The Policeman's Child

刑事の子 (keiji no ko, The Policeman's Child, 1990) is a mystery by MIYABE Miyuki (宮部 みゆき). It was first published under the title 東京殺人暮色 (Toukyou satsujin boshoku, Tokyo murder dusk colours), then republished in 1994 as 東京下町殺人暮色(Toukyou shitamachi satsujin boshoku, Downtown Tokyo murder dusk colours) and finally in 2011 under the current title. The first two titles, I suspect, reflect the major role of an artist in the story, and shitamachi, downtown, is the central part of Tokyo near the main river and harbour, traditionally a less wealthy and (as the inhabitants see it) more neighbourly area, a place in which people take an interest in what their neighbours are up to more than other parts of the city. The final title reflects the two main characters, detective YAGIZAWA Michio 八木沢道雄 and his teenage son Jun 順, who are living together after Michio and his wife divorced in a new home in the shitamachi area.

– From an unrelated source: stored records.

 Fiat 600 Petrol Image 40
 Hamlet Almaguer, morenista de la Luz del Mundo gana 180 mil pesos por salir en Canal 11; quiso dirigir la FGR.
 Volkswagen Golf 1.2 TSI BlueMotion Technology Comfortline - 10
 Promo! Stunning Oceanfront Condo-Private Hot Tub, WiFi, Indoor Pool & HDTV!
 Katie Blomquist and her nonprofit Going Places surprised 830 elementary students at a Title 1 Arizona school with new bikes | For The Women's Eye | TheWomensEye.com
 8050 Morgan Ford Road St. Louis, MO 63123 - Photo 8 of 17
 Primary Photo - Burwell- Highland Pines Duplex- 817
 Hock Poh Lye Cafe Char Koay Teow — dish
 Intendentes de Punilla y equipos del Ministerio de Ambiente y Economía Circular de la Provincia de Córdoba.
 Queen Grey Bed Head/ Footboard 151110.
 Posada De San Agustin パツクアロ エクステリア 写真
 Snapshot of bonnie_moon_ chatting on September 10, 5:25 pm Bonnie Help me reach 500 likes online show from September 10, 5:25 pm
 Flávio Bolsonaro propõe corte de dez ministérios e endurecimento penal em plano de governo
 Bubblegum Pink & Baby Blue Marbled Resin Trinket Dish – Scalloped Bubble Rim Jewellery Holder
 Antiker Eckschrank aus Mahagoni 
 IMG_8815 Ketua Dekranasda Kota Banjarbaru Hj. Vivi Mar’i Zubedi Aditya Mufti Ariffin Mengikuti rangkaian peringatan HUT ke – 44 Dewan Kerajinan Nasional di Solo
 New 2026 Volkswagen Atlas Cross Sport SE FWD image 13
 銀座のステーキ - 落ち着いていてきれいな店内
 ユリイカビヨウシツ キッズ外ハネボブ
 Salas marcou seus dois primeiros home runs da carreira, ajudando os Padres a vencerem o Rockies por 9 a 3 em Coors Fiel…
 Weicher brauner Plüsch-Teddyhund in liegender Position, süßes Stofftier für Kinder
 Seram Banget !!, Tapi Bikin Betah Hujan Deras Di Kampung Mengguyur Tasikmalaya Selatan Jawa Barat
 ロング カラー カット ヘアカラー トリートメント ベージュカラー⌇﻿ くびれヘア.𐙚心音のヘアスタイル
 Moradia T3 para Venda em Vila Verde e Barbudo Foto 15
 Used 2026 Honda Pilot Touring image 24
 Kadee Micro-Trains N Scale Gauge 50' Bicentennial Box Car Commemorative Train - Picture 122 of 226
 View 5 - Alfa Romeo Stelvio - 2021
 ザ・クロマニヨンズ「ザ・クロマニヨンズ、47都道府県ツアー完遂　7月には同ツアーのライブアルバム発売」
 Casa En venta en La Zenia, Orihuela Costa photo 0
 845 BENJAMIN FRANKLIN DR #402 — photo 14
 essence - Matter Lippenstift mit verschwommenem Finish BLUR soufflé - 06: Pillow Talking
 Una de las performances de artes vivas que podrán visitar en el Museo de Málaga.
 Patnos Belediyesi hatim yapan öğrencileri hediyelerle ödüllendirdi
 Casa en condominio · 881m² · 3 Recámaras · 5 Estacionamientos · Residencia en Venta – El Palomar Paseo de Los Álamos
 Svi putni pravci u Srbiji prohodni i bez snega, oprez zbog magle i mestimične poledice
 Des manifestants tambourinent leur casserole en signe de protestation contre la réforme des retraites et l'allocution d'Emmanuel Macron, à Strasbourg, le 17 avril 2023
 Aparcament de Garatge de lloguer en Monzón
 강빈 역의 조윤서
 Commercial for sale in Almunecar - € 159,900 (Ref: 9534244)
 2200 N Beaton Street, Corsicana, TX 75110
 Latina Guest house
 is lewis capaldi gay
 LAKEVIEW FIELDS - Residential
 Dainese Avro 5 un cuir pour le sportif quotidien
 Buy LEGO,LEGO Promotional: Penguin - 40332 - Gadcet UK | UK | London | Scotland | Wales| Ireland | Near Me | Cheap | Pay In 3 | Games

The narrative of the story switches between the two. On the one hand we follow Jun and his best friend from school as they investigate rumours circulating in the area about women who visit a famous artist's home never being seen again, on the other we see Michio and other murder squad detectives working on a case with the dismembered body of a young woman. It's a little hard to get the measure of the book. The Jun parts read a little like a juvenile detective story at first; but the murder investigation is more hard boiled, concerned with a series of gruesome crimes. The two strands come together when an anonymous accusation of the artist is sent to the Yagizawa house in the same handwriting as a series of taunting letters sent to the police telling them where they could find the next dead body.

The artist suspect clearly has mysteries of his own, in his attitude to the defining moment of his life, his survival of the firebombing of Tokyo, and in his current artistic choices. The mystery when it is resolved proves to have a complex plot, but I didn't find it very satisfying; and an element of social didacticism also hurt the story for me.